Именно это преобладание эксцентричного личного начала побуждало различных наблюдателей называть его дилетантом; и действительно, если считать, что суть такого типа деятеля определяется господством склонности над долгом и настроения – над правилом и строгим постоянством, то деятельность Гитлера означала вторжение дилетанта в политику. Уже ранние обстоятельства его жизни постоянно несли на себе отпечаток этого свойства, которое в конечном счете вывело его в политику, время его власти было прямо-таки сплошной демонстрацией нормативной силы личностного начала. С ним, этим качеством были связаны его манера идти напролом и радикальность используемых методов, благодаря которой он добился стольких успехов. Он был настоящим homo novus[133], его не обременяли ни опыт, ни уважение правил игры, он не знал сдерживающих моментов, которые существовали для специалистов, и не отступал в страхе перед непродуманным. Прежде всего он интуитивно схватывал общее направление, однако не представлял себе практических трудностей осуществления масштабных проектов, для него все было лишь детской игрой или актом воли, его смелость не осознавала самой себя. С «дилетантской отвагой в принятии решений» [134] он повсюду вмешивался, высказывал свои мнения, давал указания и делал вещи, на которые другие вряд ли вообще отважились бы. Дилетантским был его страх признать ошибку и его стремление демонстрировать знание тоннажа, калибров и вообще статистики; его эстетические склонности: восхищение гигантским, наивная любовь к трюкам, внезапным действиям и эффектам фокусника – также свидетельствуют о его дилетантской сущности. Характерно, что озарению он доверял больше, чем мысли, а гениальности – больше, чем прилежанию [135].
Этот дилетантизм он пытался скрыть пренебрежением к чувству меры, он доводил его до монументальности, чтобы сделать невидимым. В этом смысле он был деятелем XIX века – человеком, преклоняющимся перед величием в любой форме – будь то в размерах, будь то в людях. Величие было легитимизацией всего, мир был для него экспериментальным полем или просто кулисой, и в соответствии с беспардонным высказыванием Ницше он был уверен, что народ не что иное, как обходной путь природы для создания нескольких великих деятелей.. «Гении исключительного рода, – заявлял он, имея в виду самого себя, – не считаются с обычными людьми», их более глубокое понимание вещей, их высокая миссия оправдывают любую жестокость, в его представлениях сумма отдельных людей, копошащихся у ног гениев, претендующих на величие и славу, представлялась лишь «населяющими планету бациллами» [136].

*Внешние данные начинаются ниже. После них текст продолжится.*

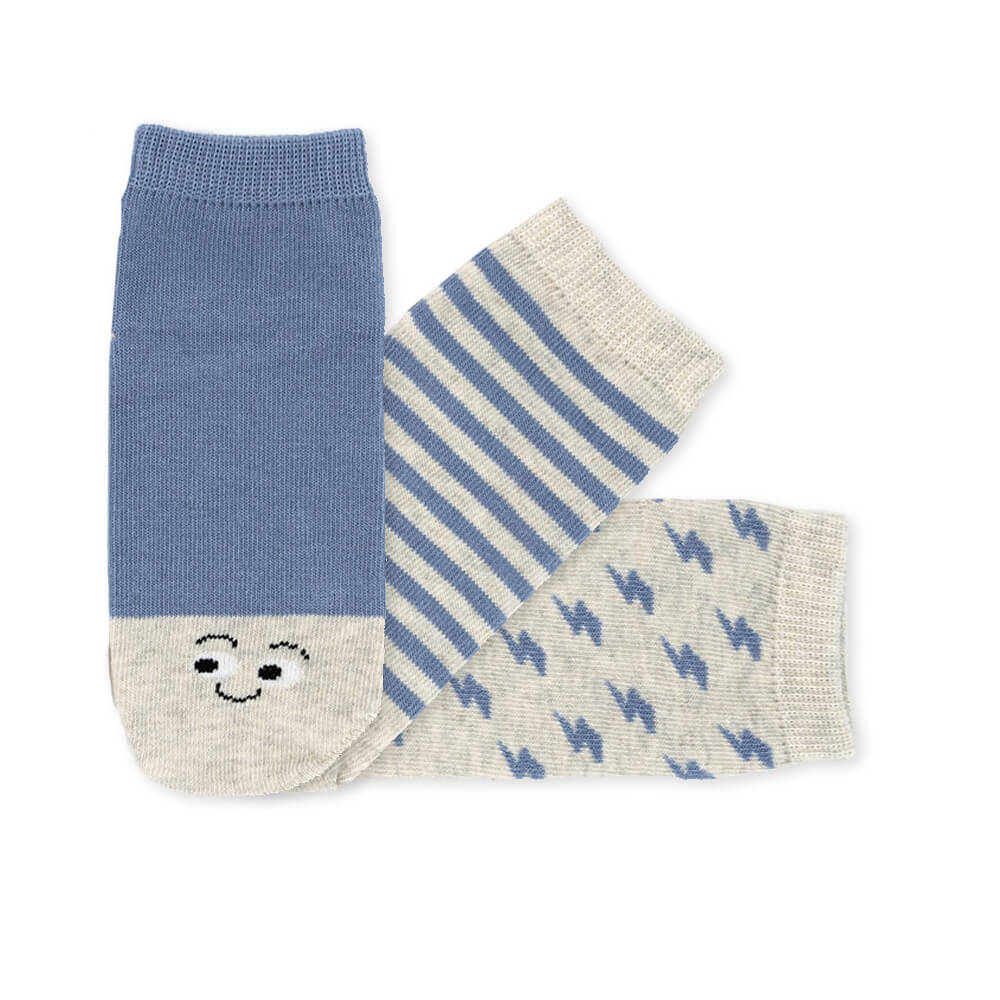 Calcetín corto bebé y infantil (Pack de 3) - Image 29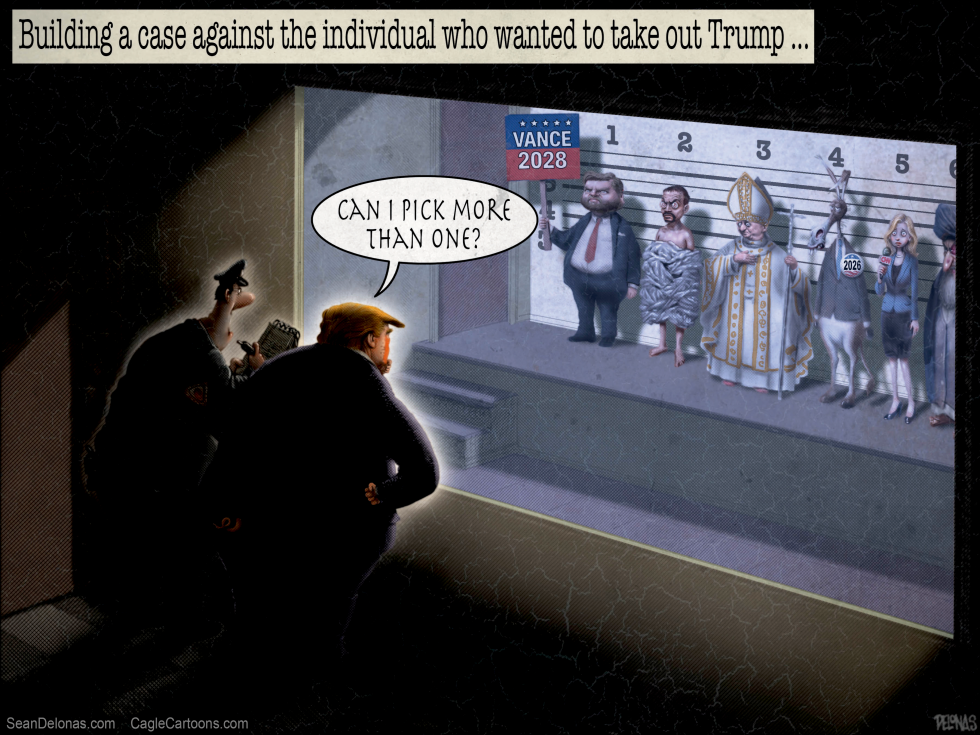 Trump Assassination Attempt Police Lineup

В этих картинах гениальности, величия, славы, миссии и борьбы миров проявляется характерное начало мира представлений Гитлера: он мыслил мифологическими, а не общественными категориями, и его «современность» была пронизана архаическими элементами. Мир и человечество, состоящие из тысяч нитей переплетения интересов, темпераментов и энергетических зарядов, сокращались до немногих инстинктивно схваченных противоречий, были друзья и враги, добро и зло, чистое противостояло нечистому, бедные богатым, рыцарь в сияющих латах на странно разрывающейся картине – охраняющему сокровище дракону. Гитлер отмечал, что Розенберг избрал для своего главного произведения «неудачное заглавие»: национал-социализм противопоставляет собой не миф XX века духу, а «веру и знание XX века мифу XIX века» [137]; в действительности же он был гораздо ближе к позиции философа партии, чем об этом говорят подобные высказывания. Дело в том, что рациональное в нем постоянно ограничивалось методичностью и не высвечивало темных уголков его страхов и аффектов; отталкиваясь от менее мифологических предпосылок, он действовал с планомерной трезвостью, и только отметив эти ничем не связанные между собой холодность и заблуждения, макиавеллизм и завороженность магией, можно описать феномен в целом.